After lunch, all the kids pitched in to clean up the Dojo. They swept, mopped, took out the trash, and vacuumed with surprising cooperation. With all of their help it only took a few minutes and we could move right on to movie time. For thematic purposes, Sensei Mason chose movies that included either martial arts, or a philosophical theme or idea. Among the movies were The Last Dragon, Dragonheart: A New Beginning, and the entire Star Wars trilogy. All of them went over well with the kids who were happy to have a break after their rigorous mornings.

The break ended after an hour, and an hour of Karate games followed. The kids participated in a variety of games, including dodge pad, sword play with the kick bats, pad sparring, circuit training, and concentration and balance games. A favorite among the general camp populous was grappling. Every Wednesday Sensei Bergstresser would come in to teach the campers some moves, and supervise free-style grappling matches. Some of the kids who had been struggling with basics found that grappling was their “thing,” while others just appreciated a break from the norm.

To finish the day on a subdued note, half an hour was spent on an in-depth philosophy discussion. Every morning a quote was written on the white board in studio one, and the kids would have the day to think about it. In the afternoon, everyone had the opportunity to give their thoughts and opinions of the quote’s meaning, and how they could apply it to their life. They stimulated each other’s minds, and were inspired to new theories by the discussions.
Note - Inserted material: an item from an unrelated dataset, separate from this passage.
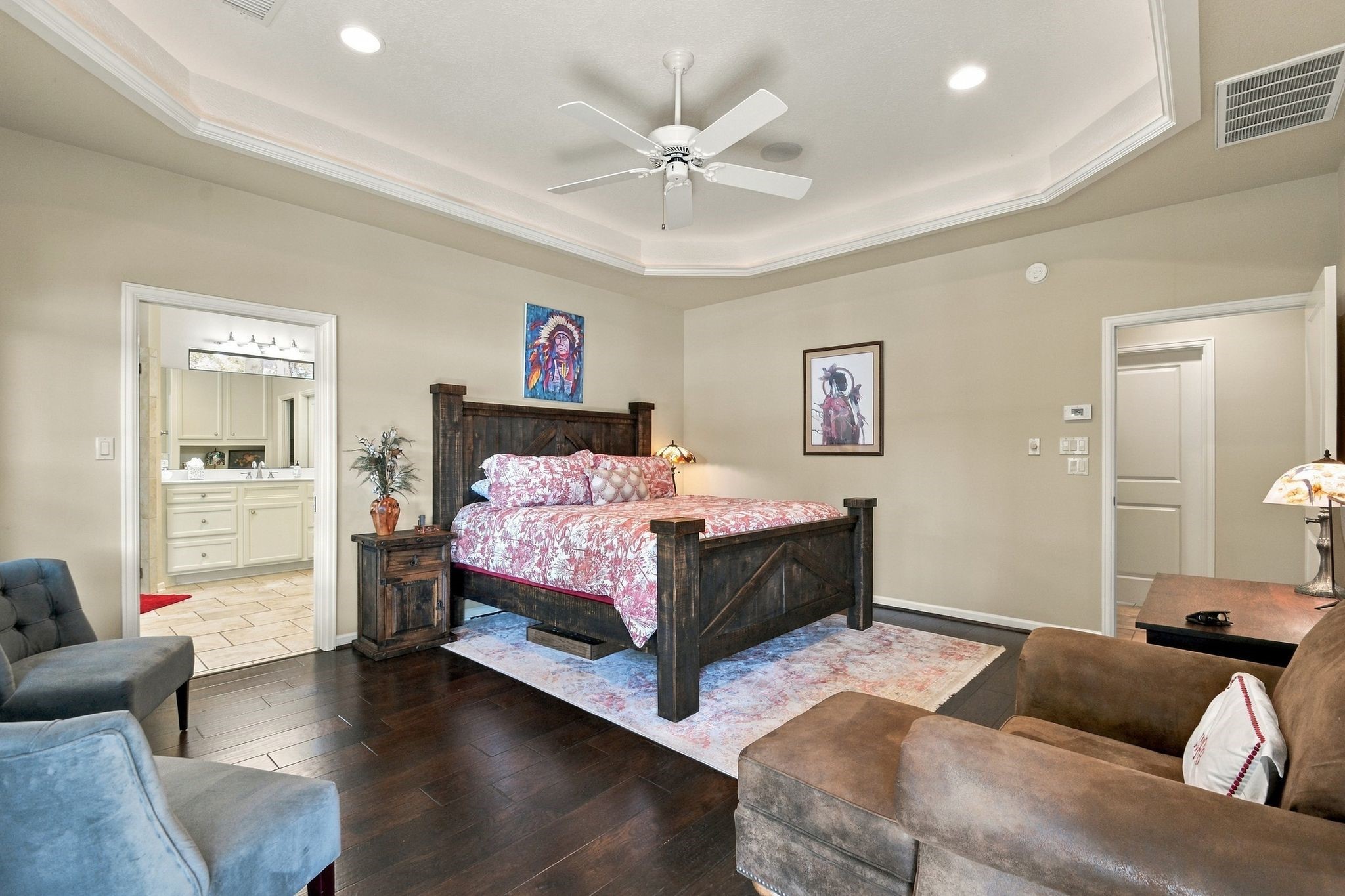 20341 Bay Hill Road Point Blank, TX 77364 - Photo 21 of 50 Expansive bedroom featuring elegant tray ceiling with recessed lighting, and rich hardwood floors. Cozy seating and direct access to a well-appointed en-suite bathroom enhance comfort and convenience.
Through this program, five new white belt juniors were introduced into our curriculum. All of them came in excited to learn, and left with budding knowledge of martial arts. This summer’s Karate Kamp can definitely be considered successful. If you’re interested in the camp for next summer, contact Jackie or Sensei Mason. This is a chance to get up off the couch and have some fun at Karate!

By Emily Snyder


Turning a Negative into a Positive

For one day, 24 hours, see if you can think about and talk about only the things you want. When you dwell upon something, it grows. The more you think about something, the more it becomes part of your reality. You cannot think one thought and get a different result. You cannot plant oats and get barley. Successful, happy people are those who have developed the ability to concentrate single-mindedly on one thing, and to stay with it until it’s complete. They discipline themselves to think and talk only about what they want, and to keep their minds off of what they don’t want.